Assignment 1
The goal of this assignment is to implement a basic deep learning framework, miniTorch, which is capable of performing operations on tensors with automatic differentiation and necessary operators. In this assignment, we will construct a simple feedforward neural network for a sentiment classification task. We will implement the automatic differentiation framework, simple neural network architecture, training and evaluation algo- rithms in Python and implement the low level operators in C++ and CUDA.
Environment Setup
The starting code base is provided in https://github.com/llmsystem/llmsys_s25_hw1.git.
Please check your version of Python (Python 3.8+), run either:
We also highly recommand setting up a virtual environment. The virtual environment lets you install packages that are only used for your assignments and do not impact the rest of the system. We suggest venv or anaconda. For example, if you choose venv, run the following command:If you choose anaconda, run the following command:
Then clone the starter codes from the git repo and install packages.
git clone https://github.com/llmsystem/llmsys_s25_hw1.git
cd llmsys_s25_hw1
python -m pip install -r requirements.txt
python -m pip install -r requirements.extra.txt
python -m pip install -Ue .
Compile the CUDA file.
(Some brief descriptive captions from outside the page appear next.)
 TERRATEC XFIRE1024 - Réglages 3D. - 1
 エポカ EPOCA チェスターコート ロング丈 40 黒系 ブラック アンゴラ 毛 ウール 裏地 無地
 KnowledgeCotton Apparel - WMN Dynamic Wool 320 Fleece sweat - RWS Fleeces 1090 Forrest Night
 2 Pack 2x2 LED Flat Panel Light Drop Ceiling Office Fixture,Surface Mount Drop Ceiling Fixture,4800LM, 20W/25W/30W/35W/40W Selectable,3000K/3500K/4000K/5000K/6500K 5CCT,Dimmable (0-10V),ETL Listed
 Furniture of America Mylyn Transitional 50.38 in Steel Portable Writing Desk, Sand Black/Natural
Create a directory cuda_kernels first, and compile the file.
mkdir minitorch/cuda_kernels
nvcc -o minitorch/cuda_kernels/combine.so --shared src/combine.cu -Xcompiler -fPIC
Make sure that everything is installed by running python and then checking:
Code files layout
minitorch/ # The minitorch source code
autodiff.py # Automatic differentiation implementation
(problem 1)
cuda_kernel_ops.py # Connects Tensor backend with the CUDA kernels
(problem 2)
src/
combine.cu # CUDA kernels implementation (problem 2)
project/
run_sentiment.py # Network and training codes for training for
the sentence sentiment classification task
(problem 3 & problem 4)
Jupyter Notebook Template
You’ll need a GPU to complete the assignment. We recommend Google Colab, which is free and similar to Jupyter Notebooks, and allows you to run on a GPU. You are also welcome to use AWS credits and PSC accounts to access Virtual Machines with more advanced GPU, which will be signed up later, but not necessary.
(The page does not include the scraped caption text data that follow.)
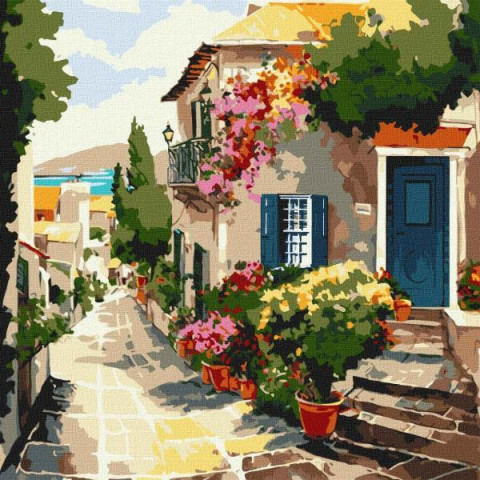 Картина по номерам Пейзаж. Дом у моря, 40х40см, в термопакете, Идейка (КНО3647-mt)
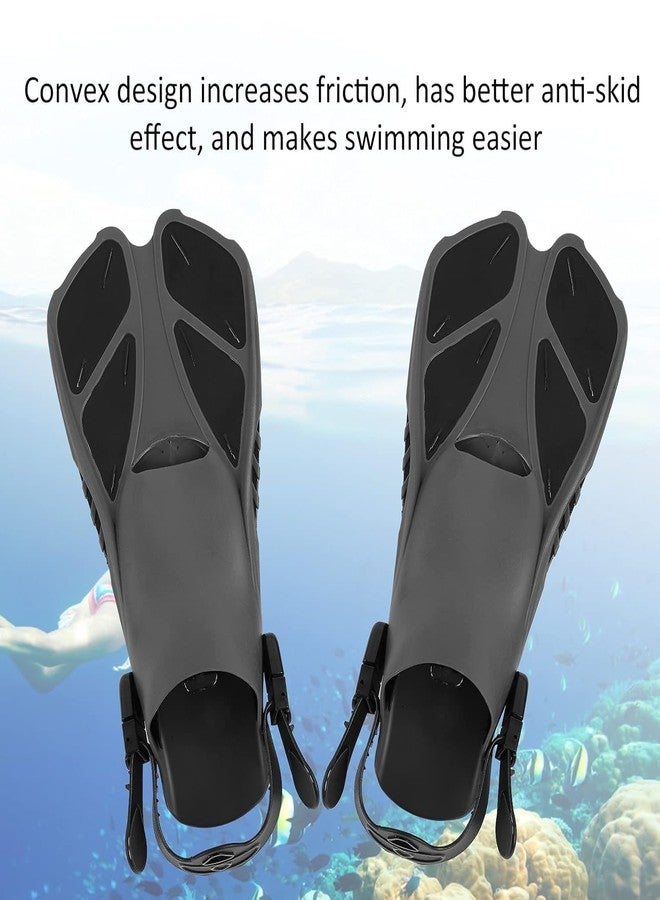 mugath Adjustable Swimming Fins XL - 2-Pack Snorkeling Fins with Dual Drainage Channels, Non-Slip High Elastic Ankle Strap, Comfortable Swim Flippers for Land & Sea - Image 2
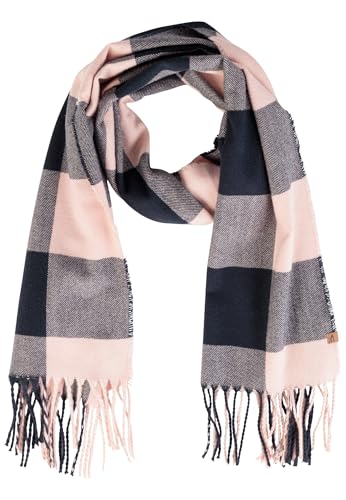 camel active Damen Feiner Webschal mit kariertem Muster Dunkelblau, womenswear-OS von camel active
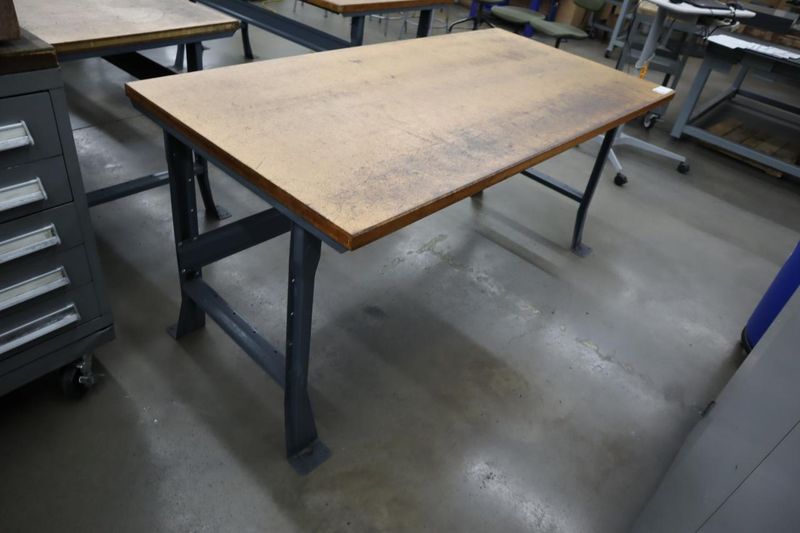 Work Bench, Wood Top, Metal Legs- Auction Item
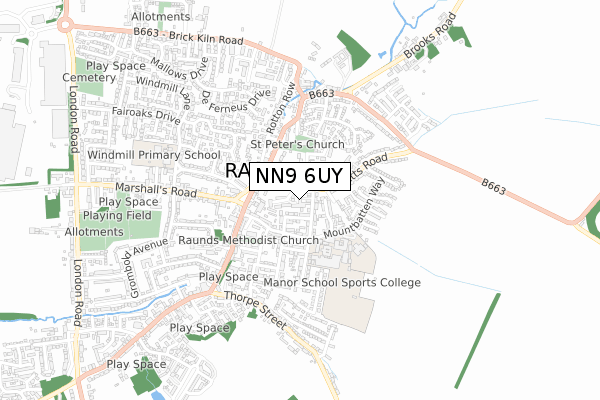 NN9 6UY map - small scale - OS Open Zoomstack (Ordnance Survey)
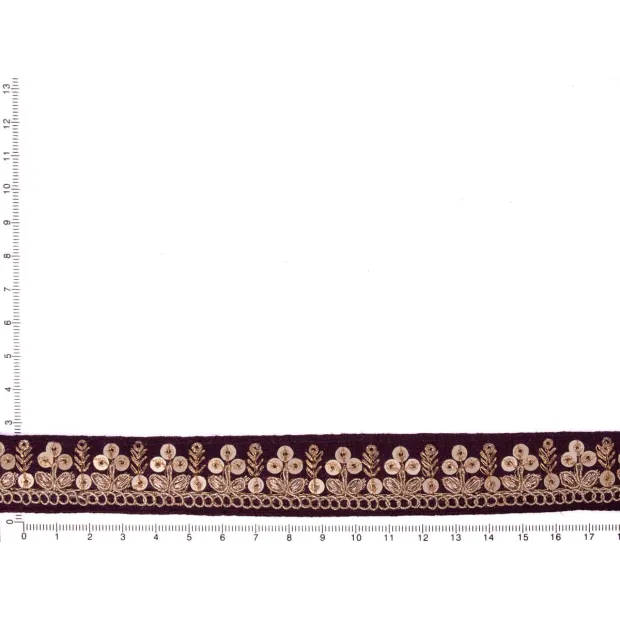 Galon violet brodé de petits sequins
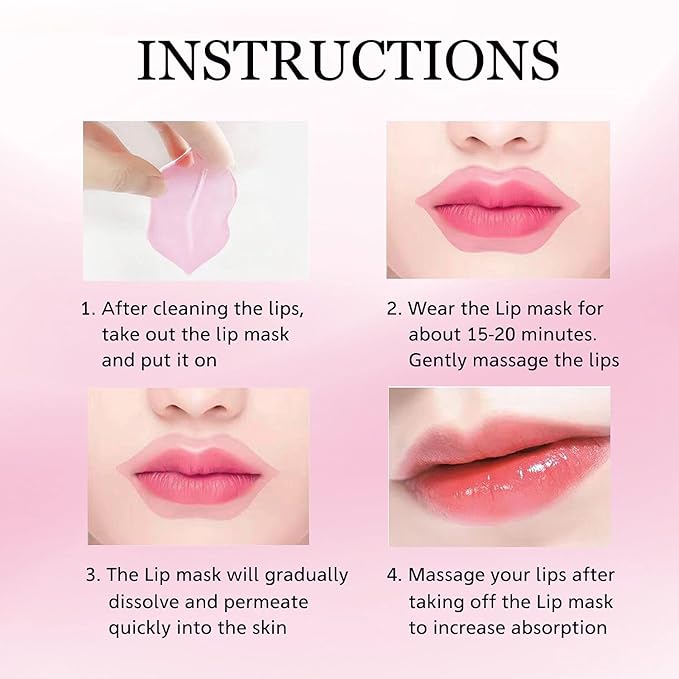 30 pieces of Moisturizing Collagen Crystal Lip Mask - Anti-Ageing & Anti Chapped, Reduce lip Wrinkles, Fade Lip Color, Make Skin Smooth And Firm Collagen Lip Pieces (Rose)-Velvo Beauty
We have prepared a Jupyter Notebook template for you, feel free to download the template from the Canvas Assignment page or from here. If you are using Google Colab, please create a copy of the template on your own Google Drive and ensure that you are using a GPU. Make sure in the menu go to “Runtime / Change runtime type” and select GPU for “Hardware accelerator”.
Problem 1 (20)
Implement automatic differentiation. We have provided the derivative operations for internal Python operators in minitorch.Function.backward call. Your task is to write the two core functions needed for automatic differentiation: topological_sort and backpropagate. This will allow us to traverse the computation graph and compute the gradients along the way.
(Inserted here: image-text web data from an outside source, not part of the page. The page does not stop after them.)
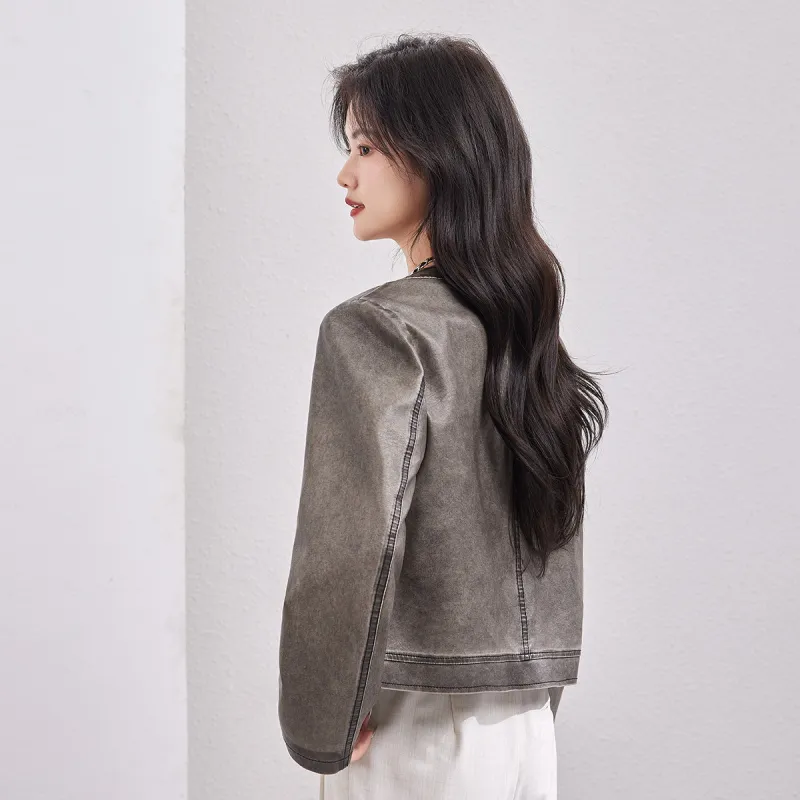 CARBAMMI Leather Jacket Women's Gray-8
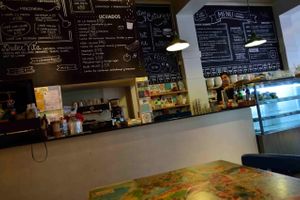 interior and the menu at VITA - Hipolito Yrigoyen in Buenos Aires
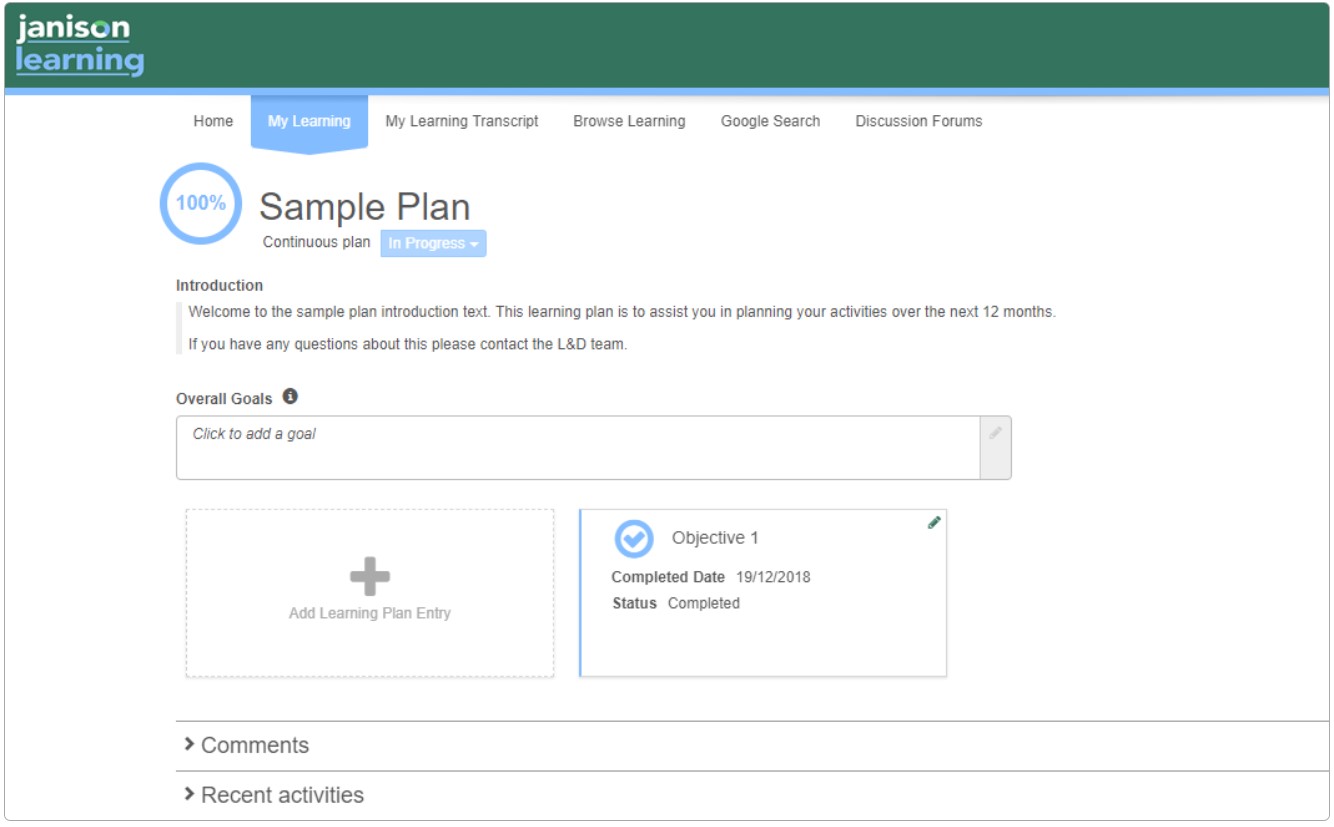 Learner plan view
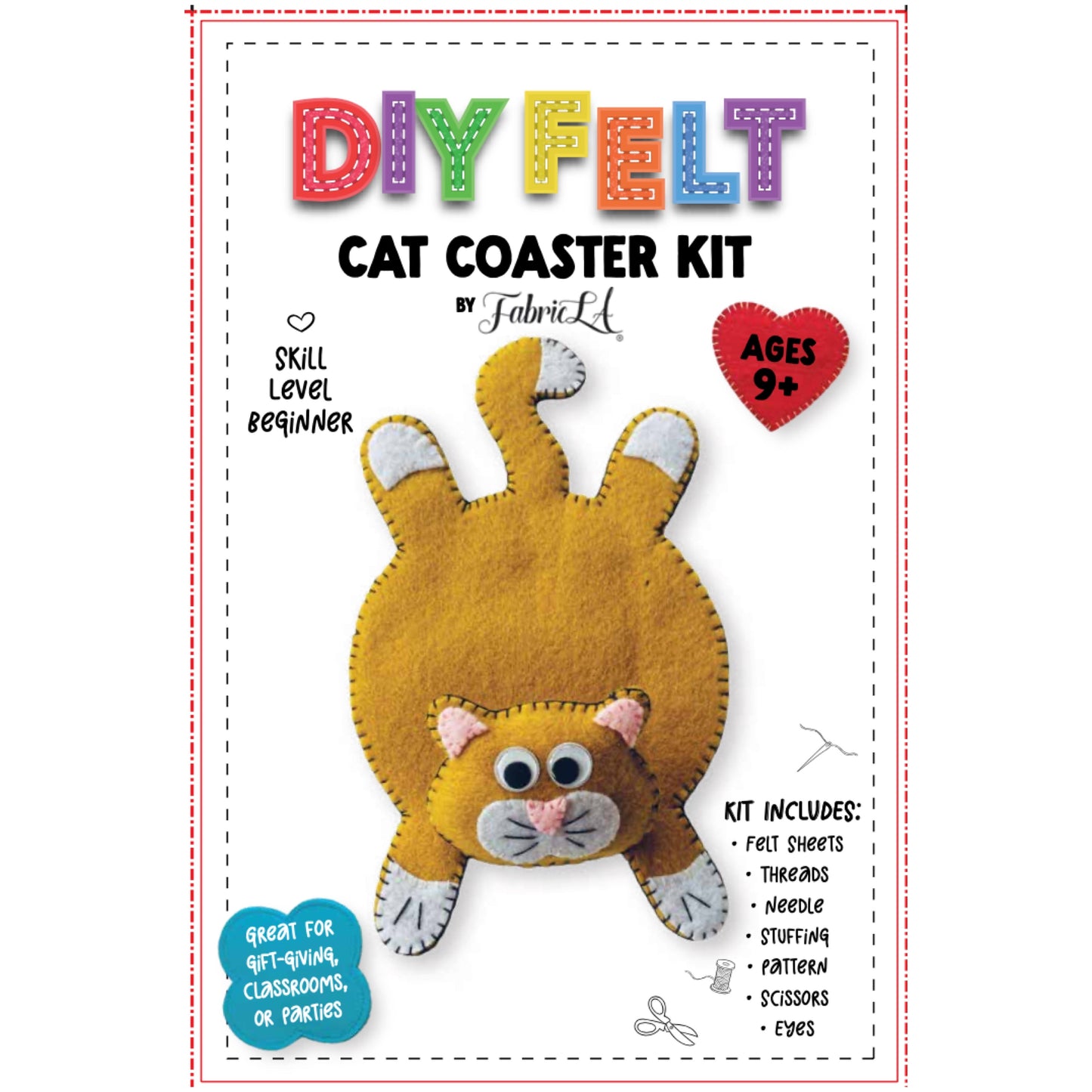 DIY Felt Cat Coaster Kit – Beginner Sewing Craft | FabricLA - Prismatic Fiber Arts
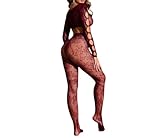IXOYAHRA Women's 2-Piece Fishnet Performance Set - Long Sleeve Top & Bottom for Dance, Stage & Costume (Burgundy, One Size)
Complete the following functions in minitorch/autodiff.py. The places where you need
to fill in your code are highlighted with BEGIN ASSIGN1_1
and END ASSIGN1_1
Note: Be sure to checkout the functions in class Variable(Protocol)
!
1. Implement topological sort
Implement the computation for the reversed topological order of the computation graph.
Hints:
* Ensure that you visit the computation graph in a post-order depth-first search.
* When the children nodes of the current node are visited, add the current node at the front of the result order list.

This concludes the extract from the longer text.